In Wilson, the Court emphasized that the federal interest in protecting rights guaranteed by the Fourteenth Amendment, and the concomitant concern that a claimant whose rights have been violated be afforded a reasonable period to seek redress for personal injury, requires the rejection of “residual” or “catch-all” limitations for section 1983 claims. The Wilson Court observed that “[i]t is most unlikely that the period of limitations applicable to such claims ever was, or ever could be fixed in a way that would discriminate against federal claims, or be inconsistent with federal law in any respect.” Wilson, 471 U.S. at 279, 105 S.Ct. at 1949. Justice Marshall, for a unanimous Court in Owens, observed that a state’s statute of limitation’s period for intentional torts “would be manifestly inappropriate” because of the diversity of individual states’ limitations periods and because adopting such a rule would, in effect, compound the “conflict, confusion and uncertainty,” see Wilson, 471 U.S. at 266, 105 S.Ct. at 1941, which the Wilson Court attempted to rectify. Owens, 109 S.Ct. at 578.

The Owens Court reaffirmed the holding in Wilson, by stating that analogizing state causes of action to section 1983 claims is inherently arbitrary because many section 1983 “claims bear little if any resemblance to the common-law intentional tort.” Id. Moreover, the Court rejected the intentional tort analogy because it “reflects a profound misunderstanding of § 1983’s history.” Id. 109 S.Ct. at 581 n. 11. Specifically, the Court observed that the Civil Rights Act of 1871 (“Act”), section 1983’s predecessor, was enacted by Congress as a result of the Ku Klux Klan’s coordinated campaign of violence which resulted in the denial of citizens’ civil and political rights. Id. Relying on Monroe v. Pape, 365 U.S. 167, 81 S.Ct. 473, 5 L.Ed.2d 492 (1961), the Court further observed that while the Act was partially intended to prevent intentional torts committed by the Klan and its constituency, Congress’s more important concern was providing a federal remedy for the unauthorized conduct of state officials who frequently failed or refused to protect *993the federal rights of blacks in the post-Civil War South. Owens, 109 S.Ct. at 581 n. 11.
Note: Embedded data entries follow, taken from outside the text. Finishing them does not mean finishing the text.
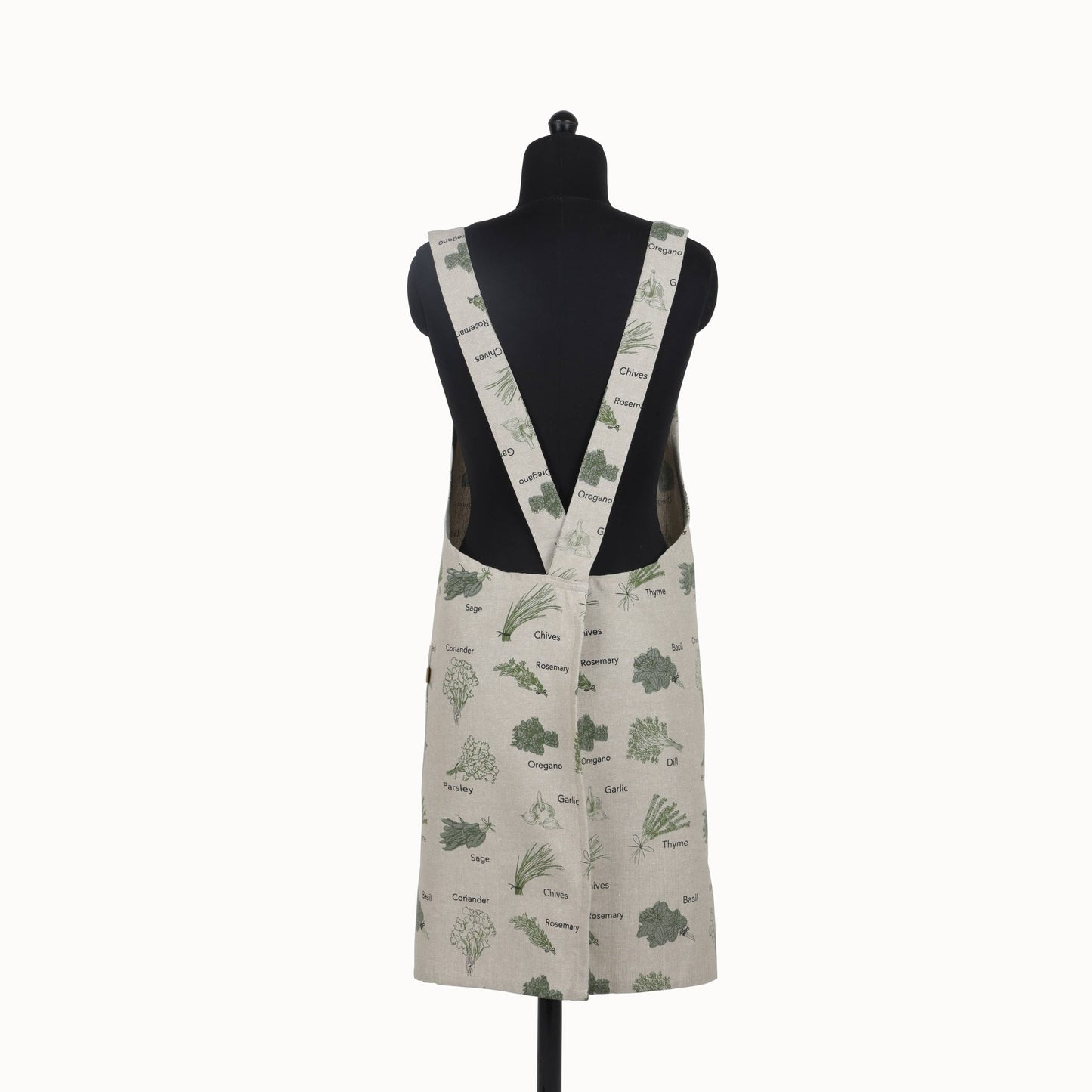 Apron Long Pinafore Herbs Green - Market 12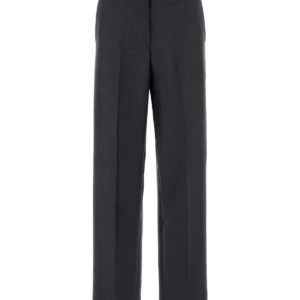 Charcoal mohair blend pant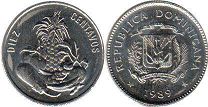 moneda Dominican Republic 10 centavos 1989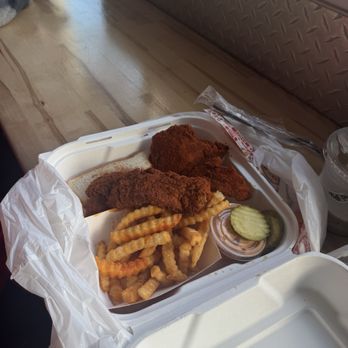 Dave's Hot Chicken - Dave's #1: 2 Tenders w/ Fries - Chicken Shop Near Me - Seattle, Washington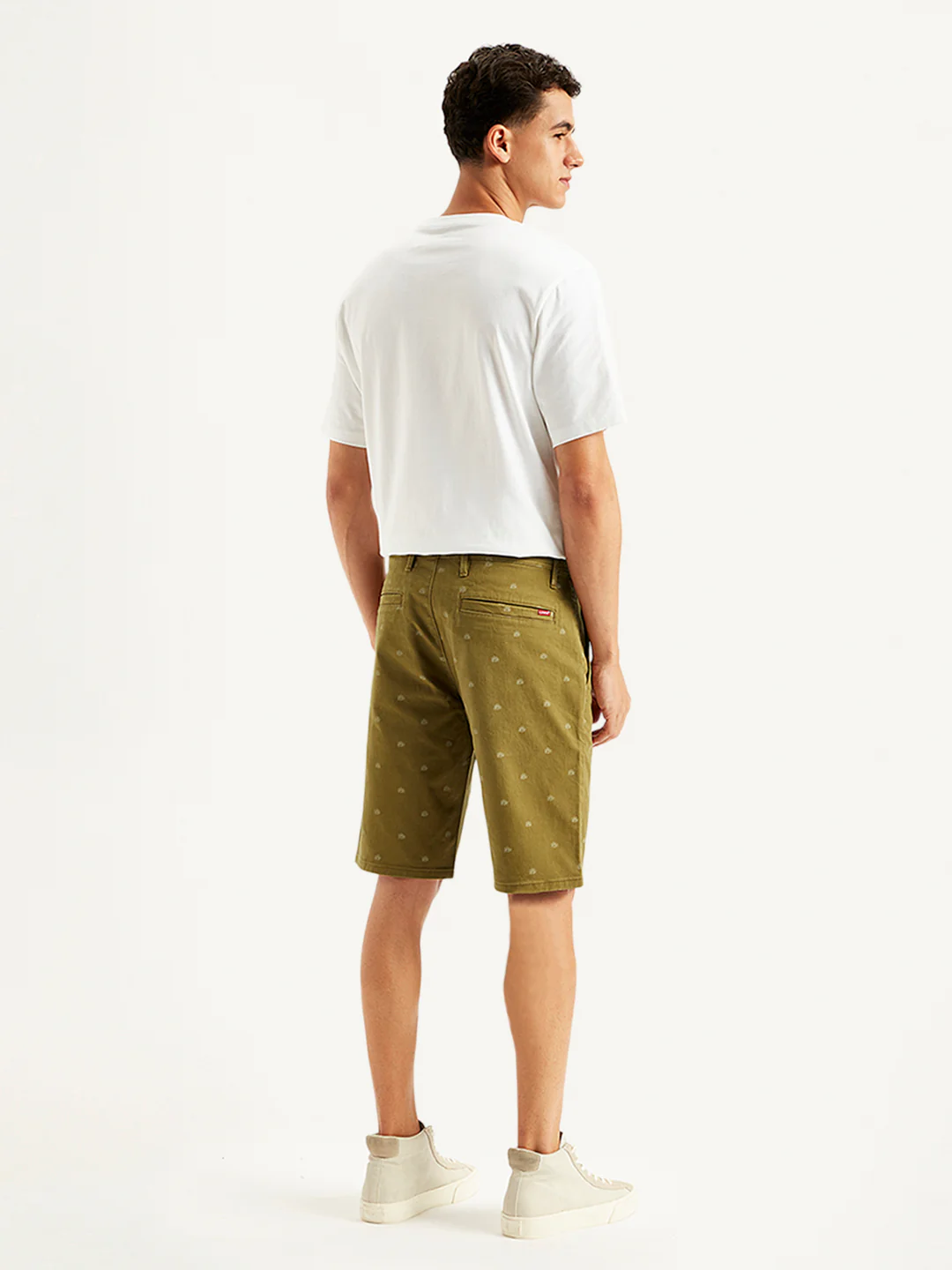 Men's Brown Tapered Chino Shorts - Image 4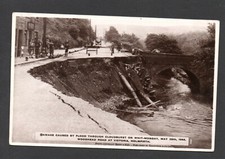HOLMFIRTH FLOOD DAMAGE 1944 WOODHEAD ROAD VICTORIA - UNPOSTED RP POSTCARD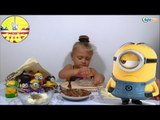 ✔ Minions and Yaroslava cooking useful and vitamin salad of carrot. Delicious / Video for children ✔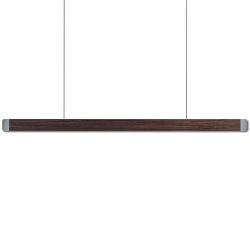 Grimmeisen Licht ONYXX LINEA PRO LED-Pendelleuchte-Silber-Naturholz Mooreiche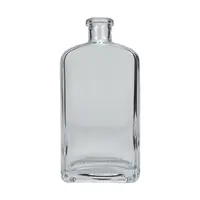 Chai Vodka Dẹt Bằng Thủy Tinh Giá Rẻ Chuyên Nghiệp Tùy Chỉnh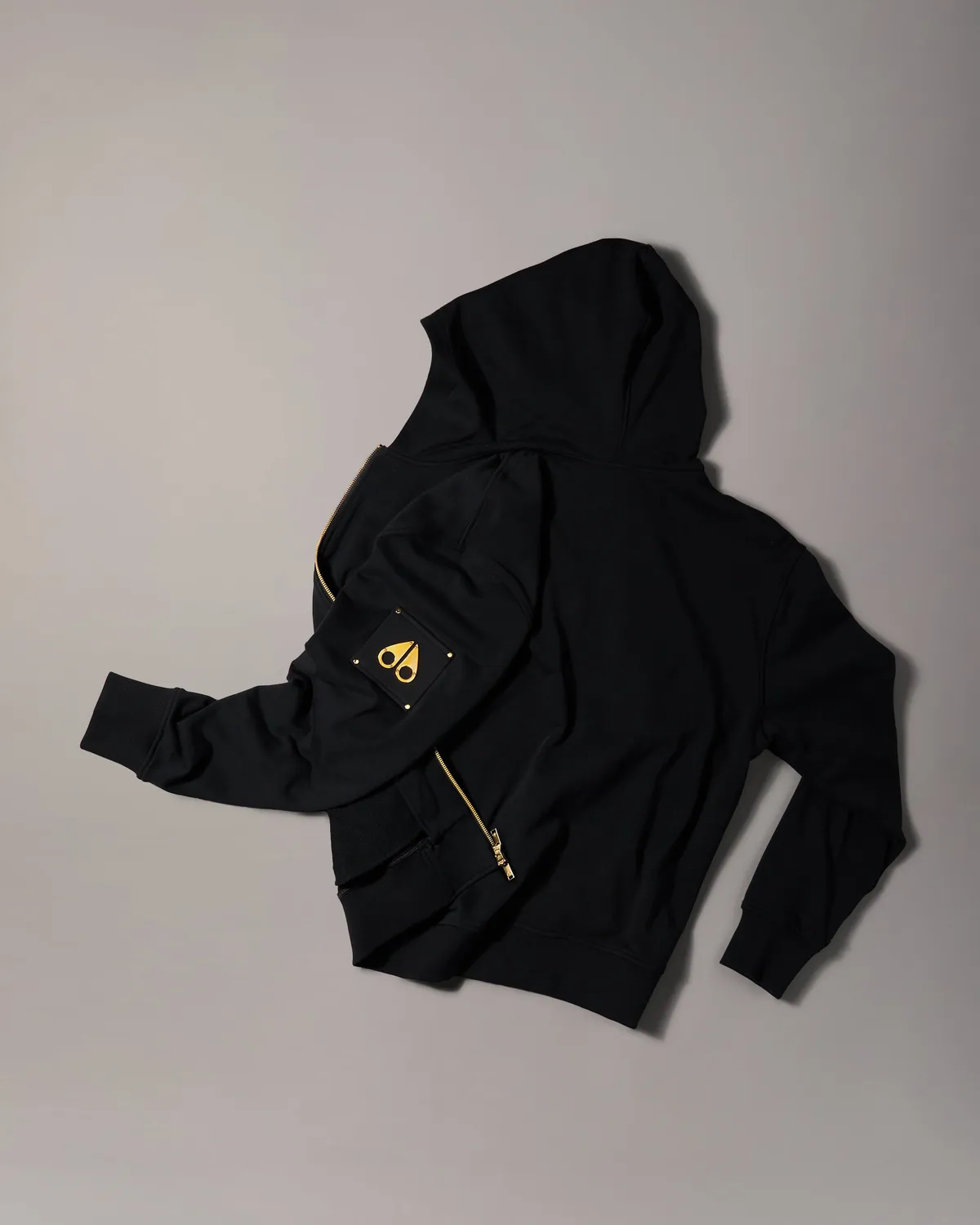 Moose Knuckles Hartsfield hoodie zippé noir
Because the rights enforceable under section 1983 include those federal rights protected by the Fourteenth Amendment, the Wilson Court reasoned that section 1983 claims “are best characterized as personal injury actions,” and a longer limitations period is mandated in order to ensure that the federal interest vindicated by the legislation would not be unduly diminished. Wilson, 471 U.S. at 280, 105 S.Ct. at 1949. While the Owens Court did not reach the question of whether the federal interest would be violated if a one-year limitations period were applied to section 1983 claims, the Court nevertheless concluded that because of the diversity of state statutes of limitations for intentional torts, adoption of the residual statute for personal injury actions would be consistent with the broad range of section 1983 claims.

This court held in Mulligan that the applicable Ohio statute of limitations for section 1983 cases was Ohio Rev.Code Ann. § 2305.11, the intentional tort provision. In Owens, the Supreme Court rejected both the rationale and result of our decision in Mulligan and reaffirmed the reasoning of Wilson v. Garcia. I write separately to underscore that fact.